=== The task ===
Copy nothing but the lines from the one containing "Table à manger" through the last line of the records, repeated exactly and without pictures.

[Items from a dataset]
=== Begin Enclosure ===
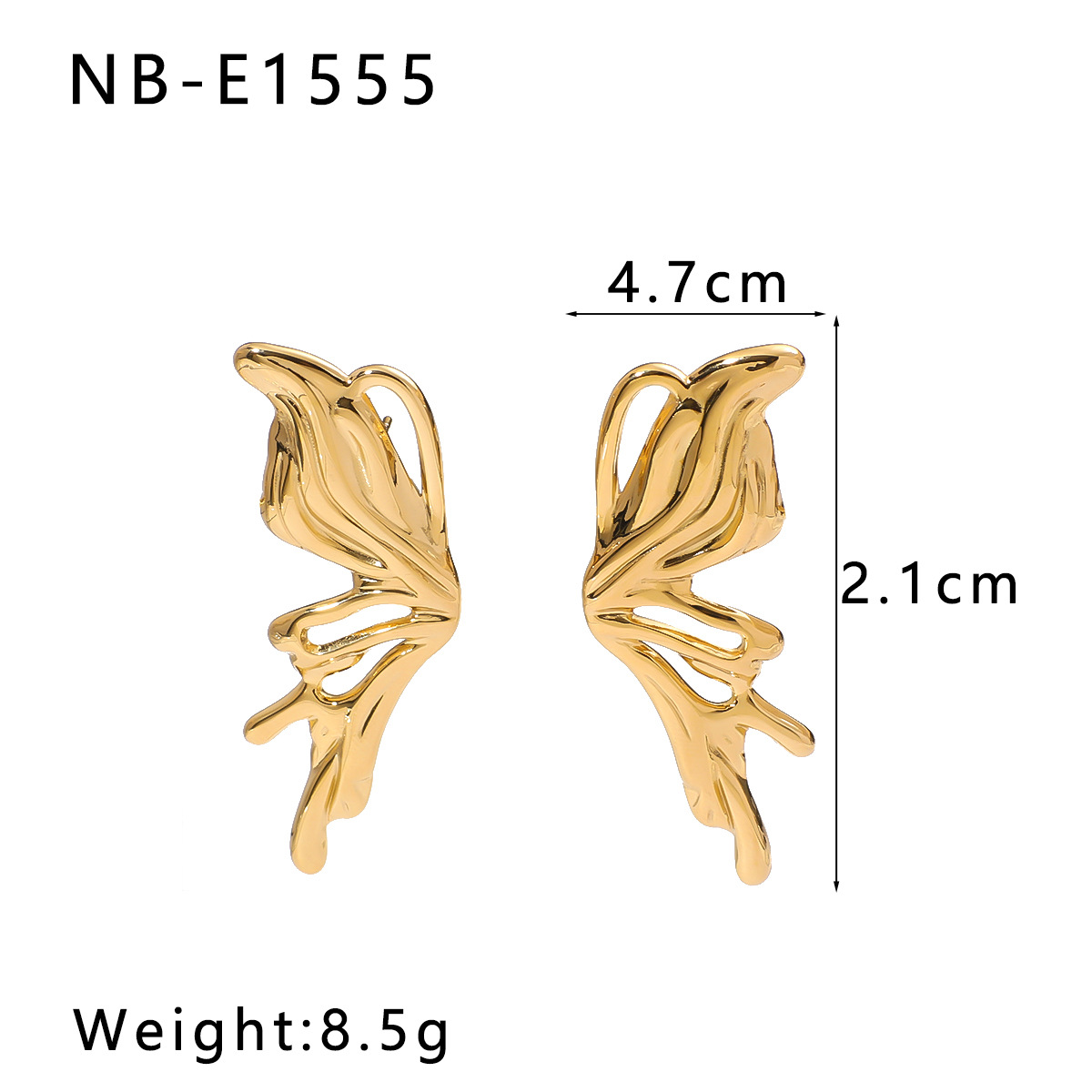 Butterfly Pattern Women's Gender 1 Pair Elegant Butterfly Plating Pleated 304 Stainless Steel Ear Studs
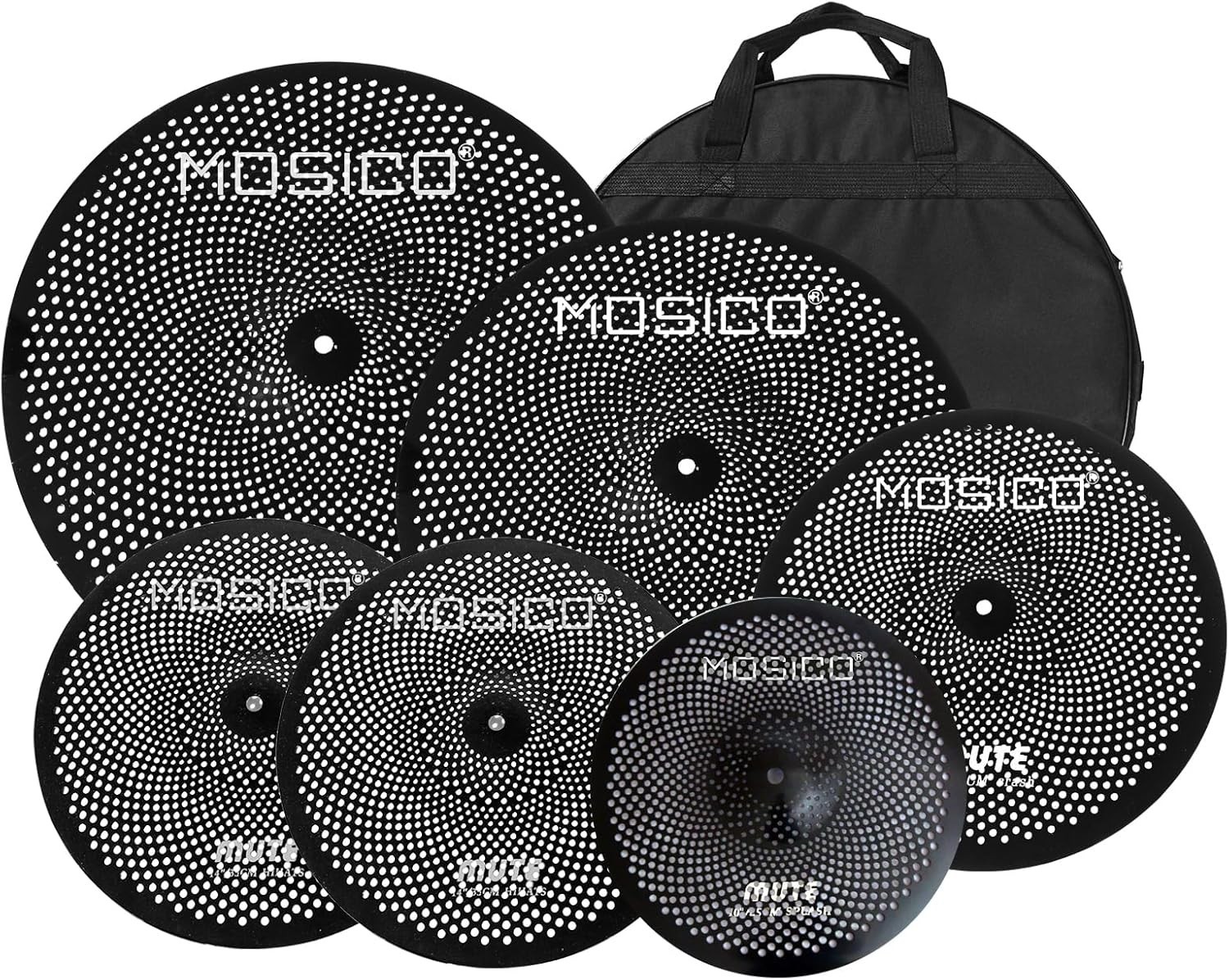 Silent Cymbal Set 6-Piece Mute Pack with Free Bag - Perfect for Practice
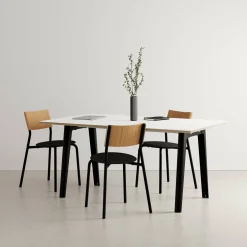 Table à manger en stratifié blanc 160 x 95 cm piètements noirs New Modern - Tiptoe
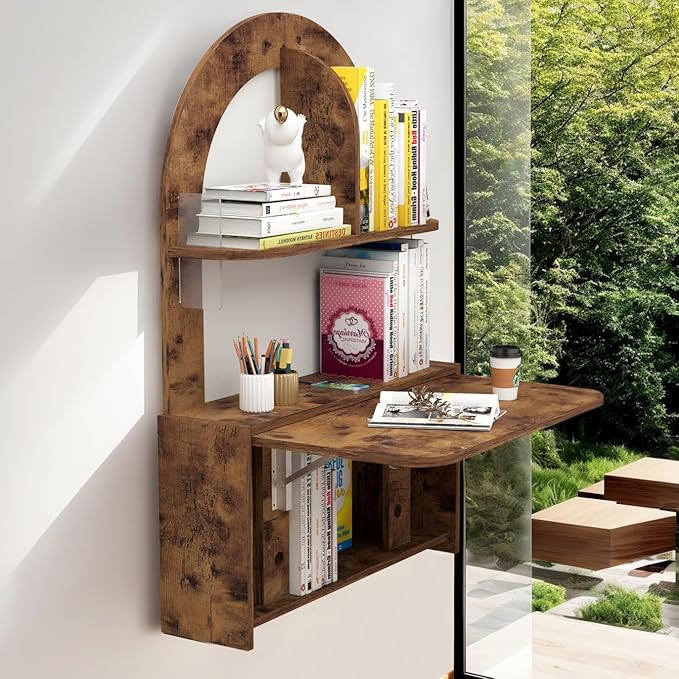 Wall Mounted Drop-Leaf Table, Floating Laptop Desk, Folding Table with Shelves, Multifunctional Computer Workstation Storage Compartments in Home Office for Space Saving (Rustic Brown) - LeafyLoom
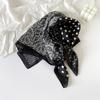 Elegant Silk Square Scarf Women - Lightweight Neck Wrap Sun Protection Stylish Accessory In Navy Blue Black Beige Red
=== End Enclosure ===
=== Task result ===
 Table à manger en stratifié blanc 160 x 95 cm piètements noirs New Modern - Tiptoe
 Wall Mounted Drop-Leaf Table, Floating Laptop Desk, Folding Table with Shelves, Multifunctional Computer Workstation Storage Compartments in Home Office for Space Saving (Rustic Brown) - LeafyLoom
 Elegant Silk Square Scarf Women - Lightweight Neck Wrap Sun Protection Stylish Accessory In Navy Blue Black Beige Red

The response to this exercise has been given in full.